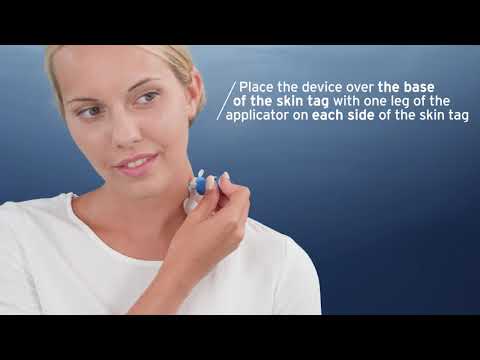 EXCILOR SKIN TAG iINSTRUCTION MOVIE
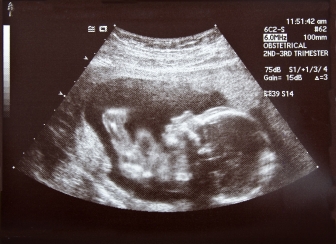 Are civil rights and reproductive rights comparable?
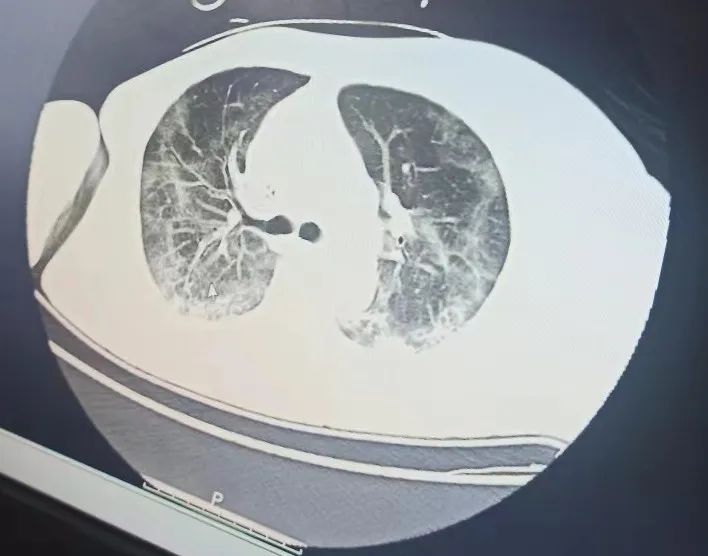 ICU生死一线 | 母亲大白肺70%，中药一个月奇迹般地康复了，复查时肺与常人无异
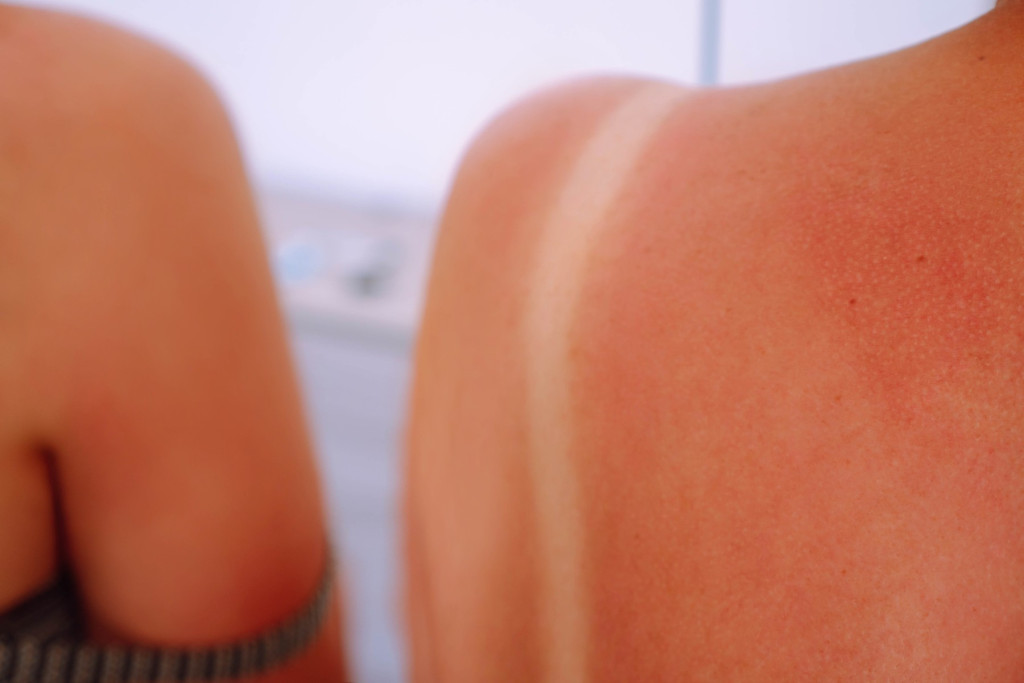 Novi trend na plažama! Mažu se pivom za lepši ten! Doktori upozoravaju: To je budalaština, možete samo da dobijete rak kože!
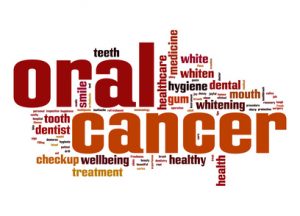 Oral cancer screening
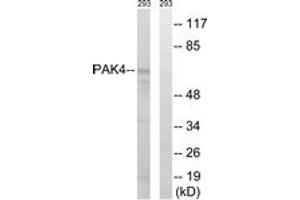 Western blot analysis of extracts from K562 cells, treated with PMA 125ng/ml 30', using PAK4/5/6 (Ab-474) Antibody. (PAK4 Antikörper  (AA 441-490))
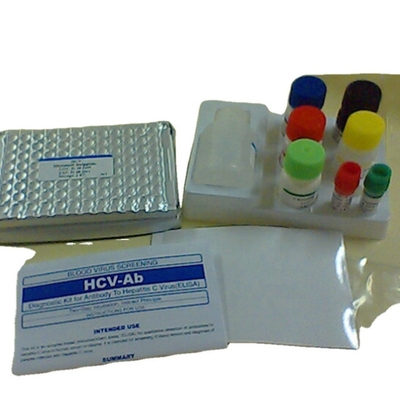 Interleuchina 1 beta corredo Il1b umano Elisa Kit Reaserch Use di rilevazione di elisa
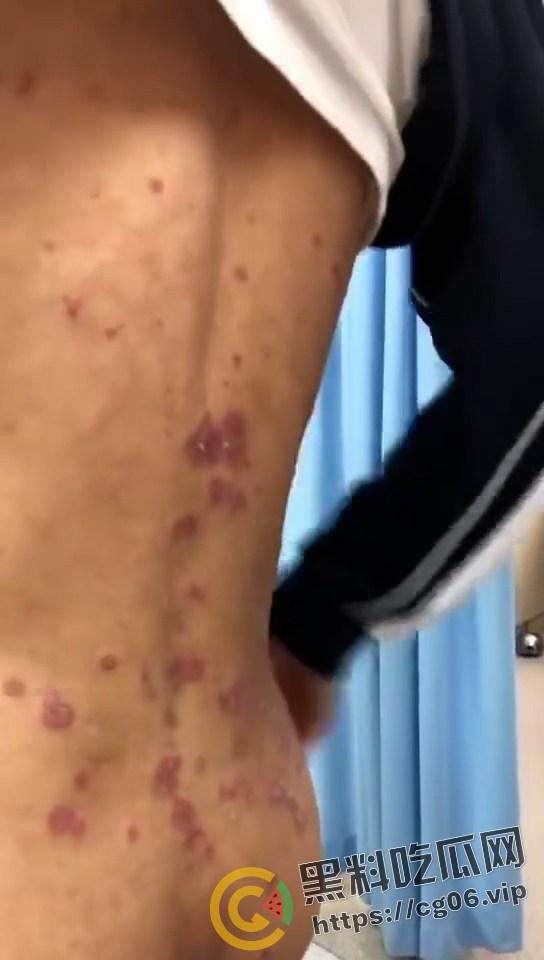 初三学生化身毒王 梅毒三期 艾滋 浑身腐烂 牛子流脓 还说自己没有过性生活 检查现场视频曝光  第4张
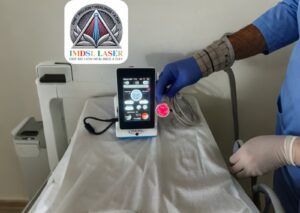 Diabetic Laser at Clinic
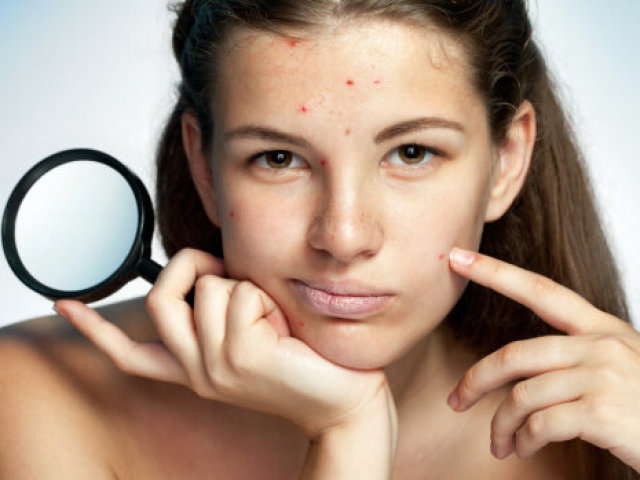 Acne on the chin in girls, women and men: signs. What a pimple jumped up on a girl’s chin, a woman, a guy: a sign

WHAT YOU NEED TO DO: Take the records above from the line with "Diabetic Laser at Clinic" down to their last line and please copy those lines exactly, without the pictures.

THE COMPLETED TASK:
 Diabetic Laser at Clinic
 Acne on the chin in girls, women and men: signs. What a pimple jumped up on a girl’s chin, a woman, a guy: a sign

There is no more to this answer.